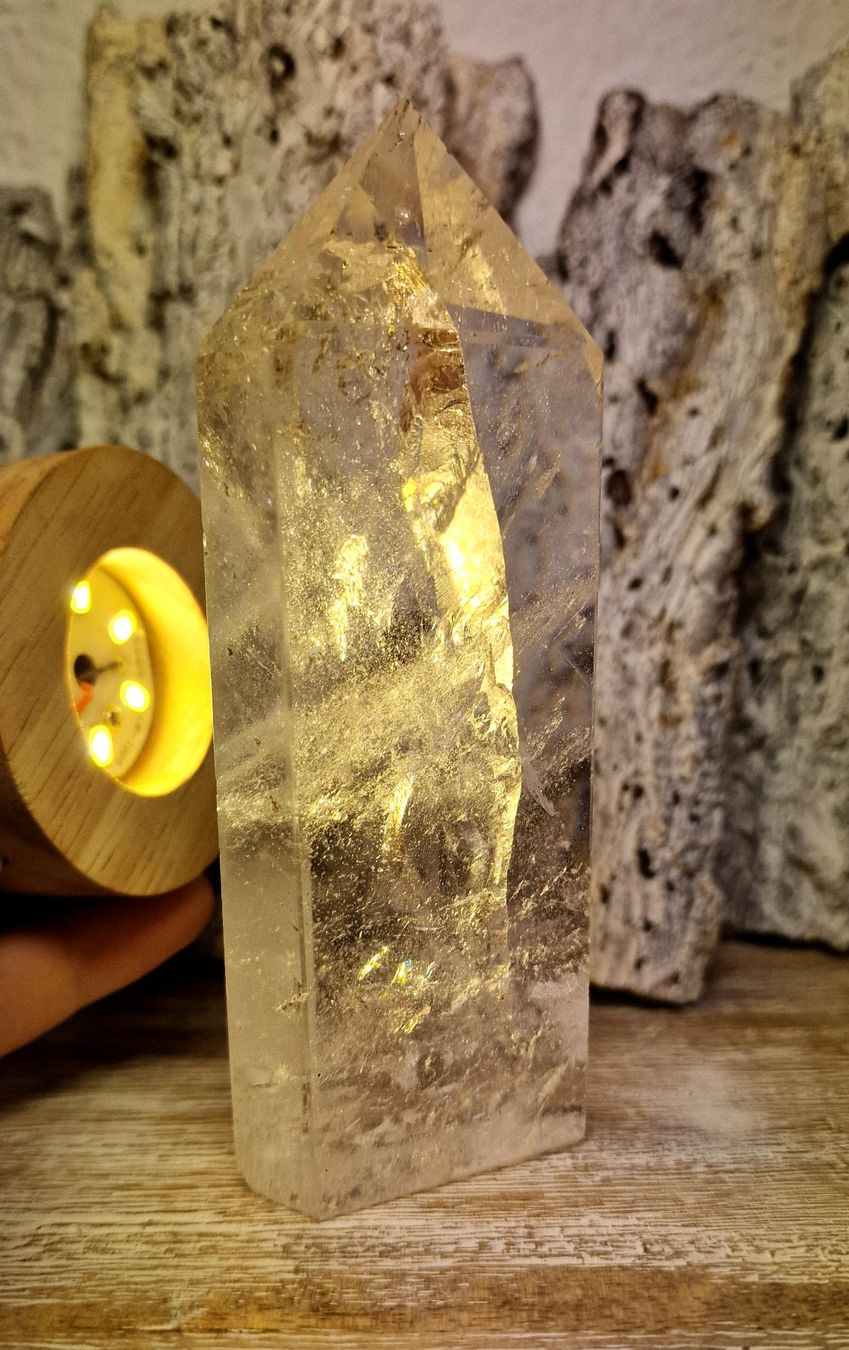 Mineralien & Heilsteine: Bergkristall Obelisk 13cm 295g – Neu (gemäss Beschreibung) aus Matzingen von Shay_Crystalz 1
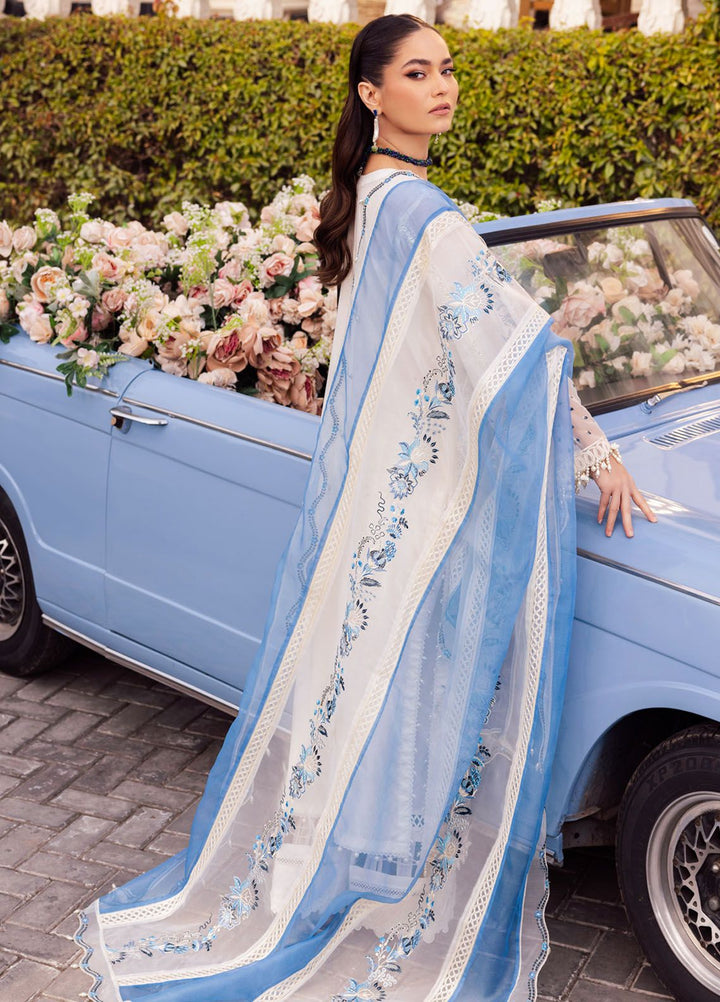 Roman Holiday By Sardinia Embroidered Lawn Suit Unstitched 3 Piece SRD24RH Diana SR201 - Luxury Collection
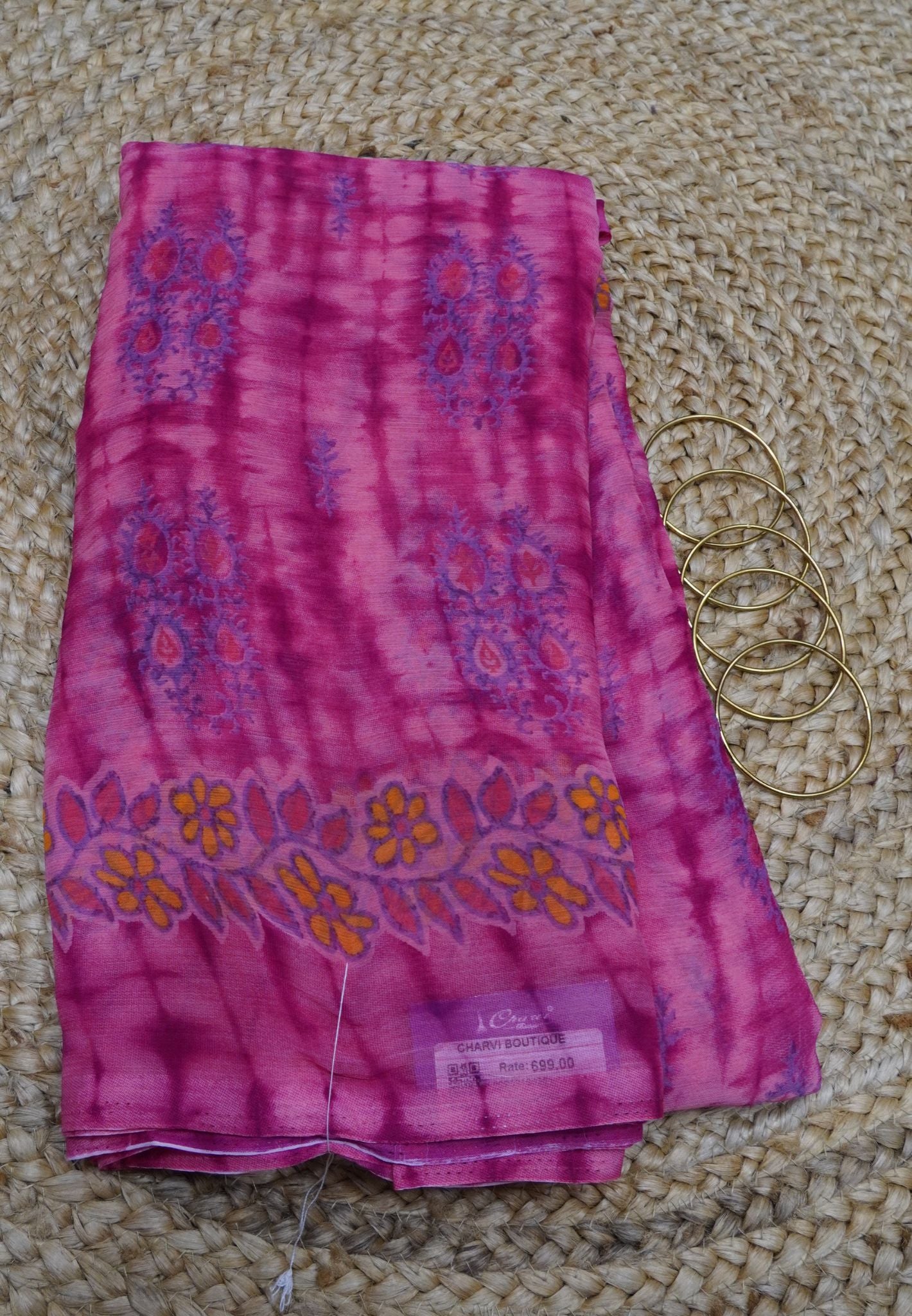 Chiffon Saree -Pink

- **Task directions**
Starting from the line that has "Roman Holiday By" and ending at the last line of the material above, every line should be output exactly; pictures are dropped and nothing else appears.

- **Your response**
 Roman Holiday By Sardinia Embroidered Lawn Suit Unstitched 3 Piece SRD24RH Diana SR201 - Luxury Collection
 Chiffon Saree -Pink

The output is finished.